(Reuters) - Exxon Mobil Corp on Friday reported a quarterly profit that topped analysts’ estimate on higher prices received for its oil and natural gas but its production volumes fell on a year-over-year basis.
The company’s third-quarter net income rose 57 percent to $6.24 billion, or $1.46 a share, compared with $3.97 billion, or 93 cents per share a year ago. Analysts had forecast a $1.23 a share profit, according to data from I/B/E/S on Refinitiv.
With crude up 44 percent in the quarter over a year-earlier, results at Exxon and other major oil companies are returning to levels not seen in four years. Royal Dutch Shell posted income of $5.6 billion on Thursday and BP Plc this week reported profit of $3.8 billion.
Exxon’s shares rose more than 1 percent to $81.61 in morning trading but are down more than 4 percent year-to-date on lower oil and gas production. Including the latest period, its oil and gas output has dropped in nine of the last 10 quarters.
“It’s a modestly positive report,” said Brian Youngberg, an equity analyst at Edward Jones. “They had such a weak first half of the year, the bar was lower and they jumped over it.”
Results benefited in part from a $360-million tax benefit that added about 7 cents a share to earnings, said Youngberg.
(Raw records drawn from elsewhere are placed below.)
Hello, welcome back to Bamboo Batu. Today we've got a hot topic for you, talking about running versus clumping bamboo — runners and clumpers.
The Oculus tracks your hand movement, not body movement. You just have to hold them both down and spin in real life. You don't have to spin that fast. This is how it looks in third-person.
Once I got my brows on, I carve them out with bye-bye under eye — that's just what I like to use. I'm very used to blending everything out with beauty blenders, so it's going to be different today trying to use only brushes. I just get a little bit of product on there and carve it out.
Oil production fell 3 percent to 3.8 million barrels of oil equivalent and natural gas output dropped 4 percent, the company said.
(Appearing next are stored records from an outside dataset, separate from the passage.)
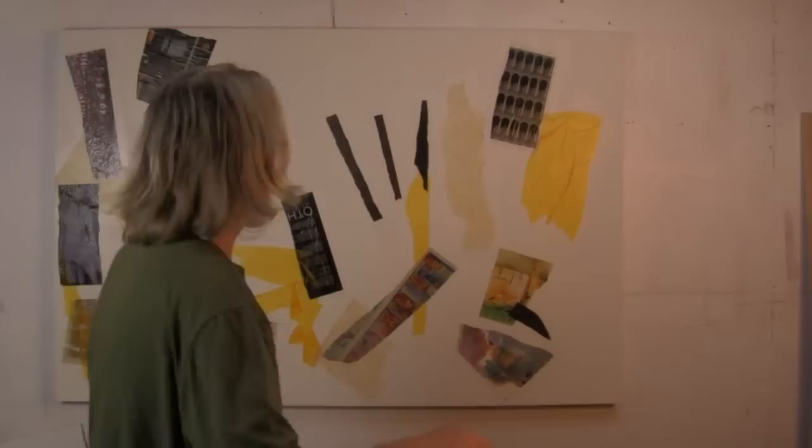I think that's it for the collage elements for now. We'll be back in just a moment.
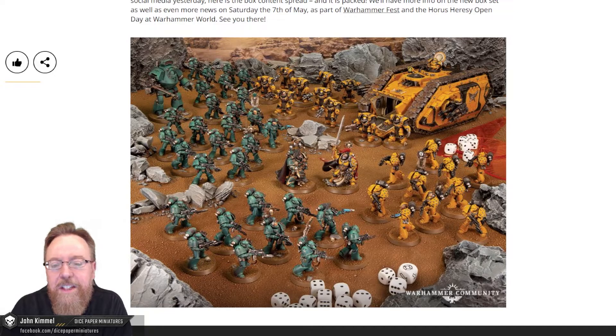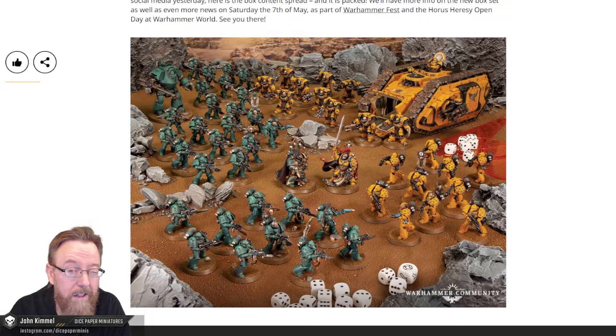That's it for this week's preview, and that wraps up this month of all the teasers we got for the upcoming Horus Heresy box set. More news is coming at Warhammer Fest on May 7th, so we'll get some more information. I'm sure this box set, while it's a self-contained thing, will probably have a lot of supplemental components for sale right off the bat. This is a huge launch, and I feel like they're going to have all the bells and whistles with this particular release.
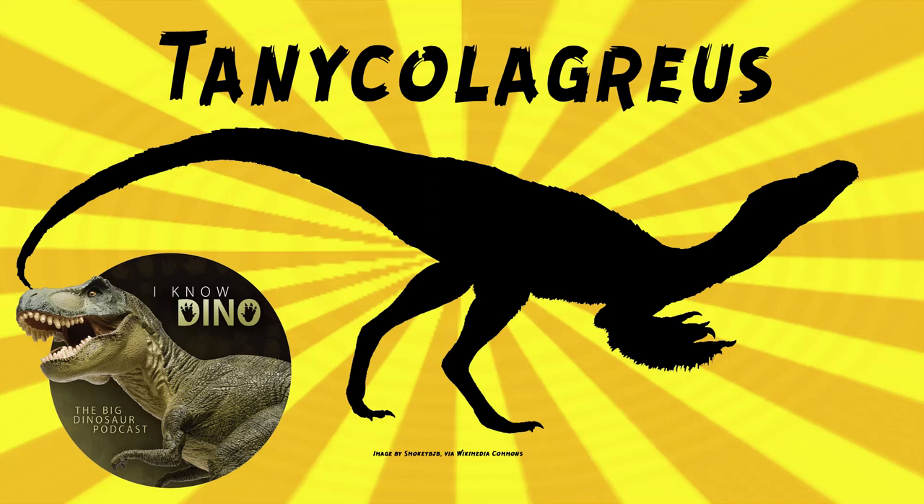Tanycolagreus was a basal coelurosaur theropod that lived in the late Jurassic in what is now the US, and it was found in a few places. It looks like a typical theropod with the shorter arms and the long tail, and it had a large skull and long, lightly built legs. As you probably know, because it was a theropod, it was carnivorous — unless it's a therizinosaur, but this isn't.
Its liquids output in the Permian Basin of West Texas and New Mexico rose 57 percent over a year ago as the company brought on 66 wells in the nation’s largest oilfield, Senior Vice President Jack Williams said during a conference call.
Earnings from the company’s downstream unit, which refines crude oil into gasoline and other products, rose 72 percent to $1.64 billion, benefiting from fewer maintenance disruptions during the quarter and from growing supplies of discounted shale oil from West Texas and crude from Western Canada.
Exxon officials said the company continues to prioritize investing cash into new production projects and to shareholder dividends rather than share buybacks. Investors have been pushing the company to resume repurchases which were halted in 2016 except to offset the dilution the stock issues to employees.